Polyphenol modified polymer film, preparation method thereof and metallized polymer film

Technical Field

The invention relates to the technical field of membrane materials, in particular to a polyphenol modified polymer membrane, a preparation method thereof and a metallized polymer membrane.

Background

Metallized polymer films are of great interest to the industry because they can be used in packaging, printing, electronics, etc. In the conventional technology, a physical vapor deposition technology is generally adopted to directly deposit metal on the surface of a high polymer film such as polypropylene, polyethylene, polyester and the like to prepare a metallized polymer film, however, the high polymer film has lower material surface tension due to weaker polarity of self materials, and the affinity between the high polymer film with low surface tension and a metal material with high surface tension is poor, so that the adhesive force between the interface of the high polymer film with low surface tension and the metal material with high surface tension is weak. In order to solve this problem, researchers have developed a method of corona-treating the surface of a high polymer film to increase its surface tension, thereby improving the bonding firmness of the high polymer film and a metal material.

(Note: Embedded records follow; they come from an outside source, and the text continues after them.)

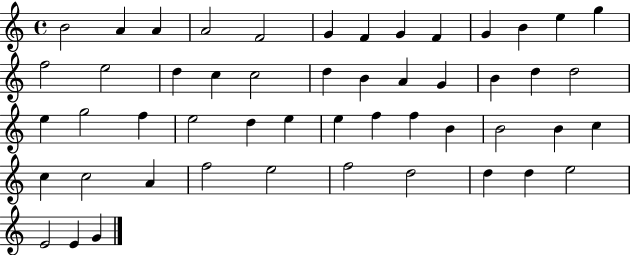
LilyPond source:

{
  \clef treble
  \time 4/4
  \defaultTimeSignature
  \key c \major
  b'2 a'4 a'4 | a'2 f'2 | g'4 f'4 g'4 f'4 | g'4 b'4 e''4 g''4 | \break f''2 e''2 | d''4 c''4 c''2 | d''4 b'4 a'4 g'4 | b'4 d''4 d''2 | \break e''4 g''2 f''4 | e''2 d''4 e''4 | e''4 f''4 f''4 b'4 | b'2 b'4 c''4 | \break c''4 c''2 a'4 | f''2 e''2 | f''2 d''2 | d''4 d''4 e''2 | \break e'2 e'4 g'4 | \bar "|."
}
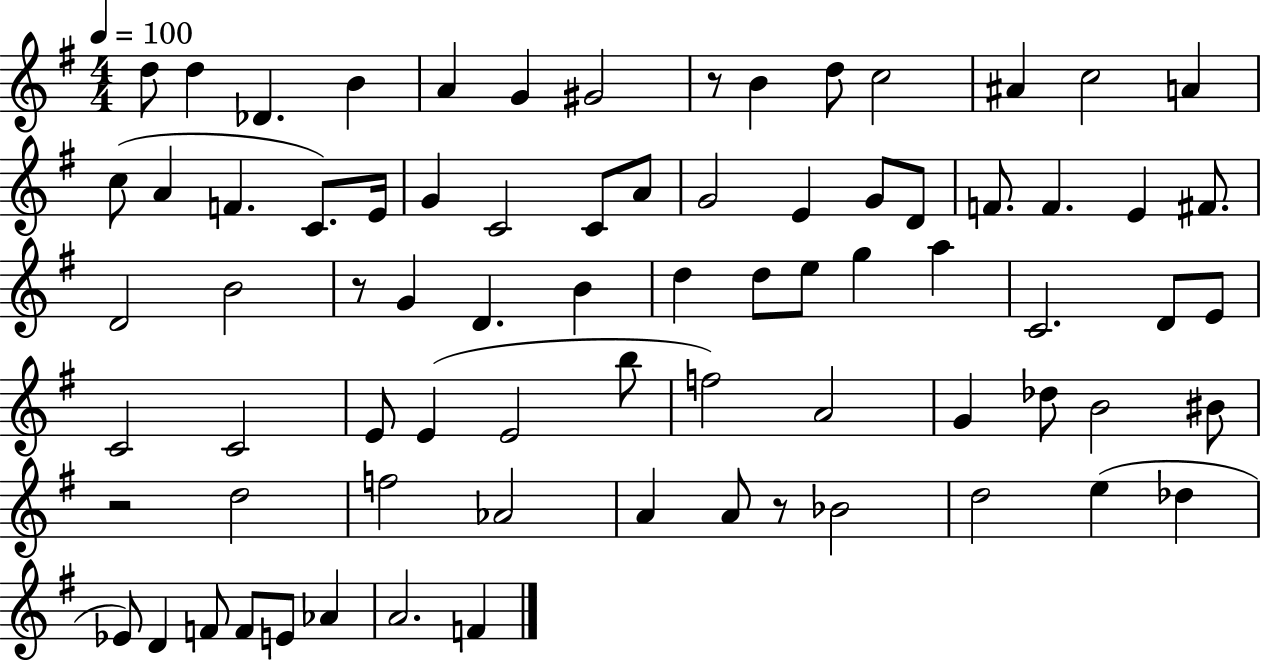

However, there are still a number of disadvantages to the corona treatment method, such as: (1) on the premise of ensuring that the mechanical property of the high polymer film does not change obviously, the surface tension of the high polymer film after corona treatment is generally between 30mN/m and 45mN/m, and compared with the surface tension (20 mN/m and 30 mN/m) of the high polymer film before treatment, the high polymer film has limited lifting amplitude, and still has a larger difference with the surface tension (more than 100 mN/m) of a metal material, so that the bonding effect between the high polymer film and the metal material is not ideal; (2) the surface tension of the high polymer film after corona treatment is unstable, the surface tension is reduced after the high polymer film is stored for a period of time, and finally the surface tension is close to that of the high polymer film before treatment.

Disclosure of Invention

Based on this, it is necessary to provide a polymer film modified by polyphenol, which can maintain a high tensile force for a long time, and has a mechanical property that is not affected, so that it can be stably combined with a metal layer having a high surface tension for a long time, thereby forming a high-performance metallized polymer film, and a method for preparing the same.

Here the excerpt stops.